Five tracks of psychedelic punk rock and roll, recorded at mountain sound studios in Hull December 2013, produced by Paddy Tobin. Out now on Howling Invocations! Everything played and sang by Tommy Concrete except the drums which were hit by Paddy. This EP was done in one seventeen hour session, for no reason other than why not. The whole thing was written, recorded and mixed on the spot. I had no equipment of my own with me and just used the studios interesting and unique collection of weird old valve amps and guitars that I really wasn't used to. The whole thing was very interesting and I am pretty happy with what I came out with.

I'd never even played a baritone guitar before and totally fell in love with it, all the songs were written on this, these are a couple of the fucked up old valve combos that I used for everything, really really nice sounding even though I couldn't get them to distort! I let the equipment lead me as to what the music should sound like.



I love Mountain Sound Studios strange collection of weird old valve guitar combo's, so I played through them all at once. 

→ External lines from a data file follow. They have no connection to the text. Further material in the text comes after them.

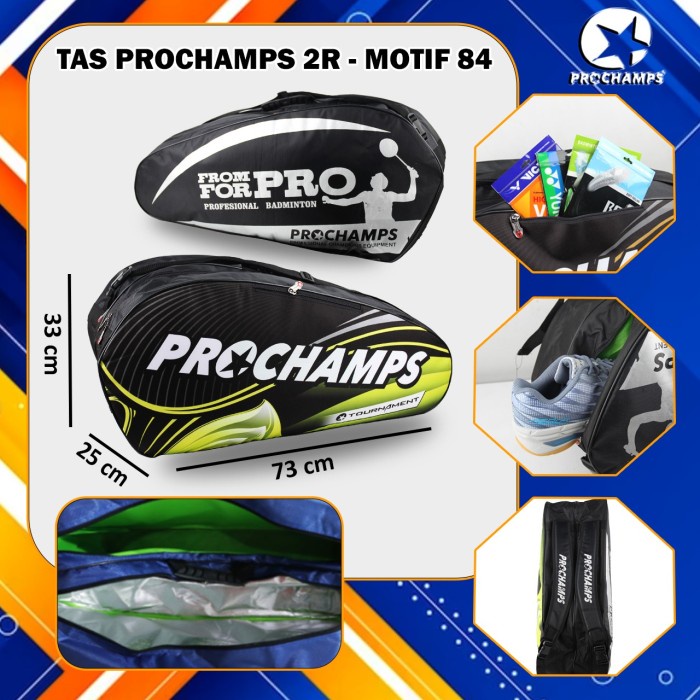 Jual Tas Badminton PROCHAMPS 2R / 2 R THERMO Motif No. 84 Black Lime ...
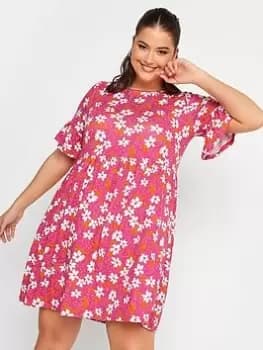 Yours Smock Floral Tunic Dress - Pink, Size 18, Women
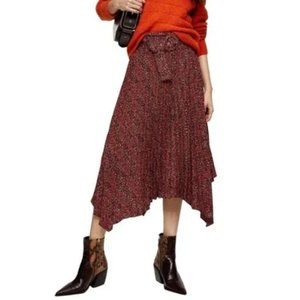NWT Topshop Animal Print Red Pleated Belted Midi Skirt Size 4US
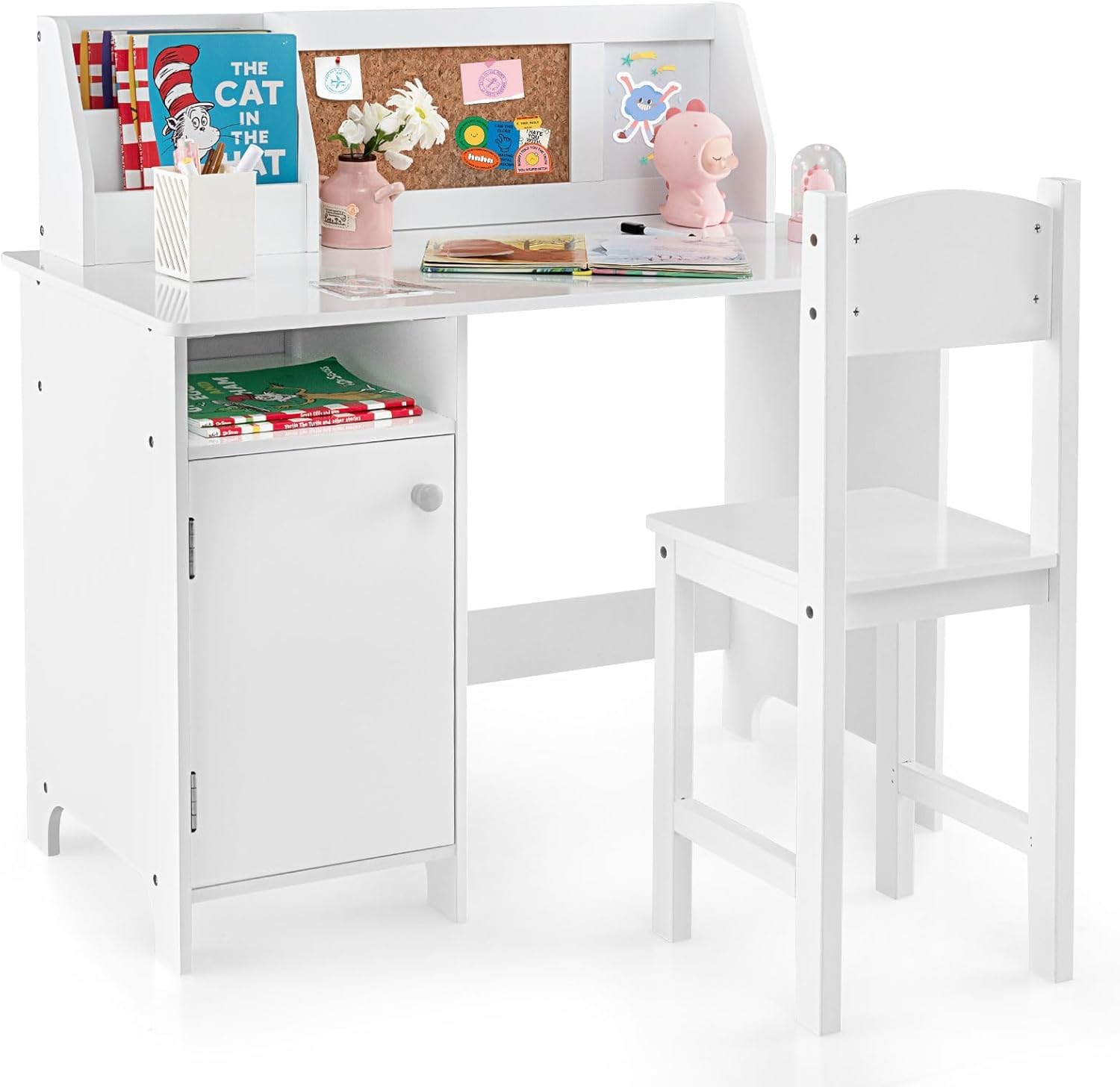 Fantask Set scrivania per bambini con sedia in legno, bianco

This Antoria semi acoustic was pretty nice, but it was so fucking fragile I was constantly worried it would snap or explode if I played it too hard! I got some really nice clean leads and Hank Marvin style whammy shit out of it. I tried to do a bit of death metal on it, but it nearly disintergrated after only a few bars.




I totally wiped myself out writing lyrics for this EP, which is why the last track on it is instrumental, I just couldn't think of anything else to say. Luckily Paddy was on hand for lyrical production advice such as 'Your dead Dada shoulda given you a warning' and such gems.



It's nice for me to see that I don't have 'an egg in the nest'. My hair is no longer the voluminous waterfall of tubular follicles that it used to be, but I am glad to be sporting 'full coverage'. Sure I have got a Ray Reardon widows peak at the front, but my heavy metal heart-throb days are over anyway. Now I look forward to retiring into thick jumpers and strange psychedelic rock n roll eps, so my mane is irrelevant at last.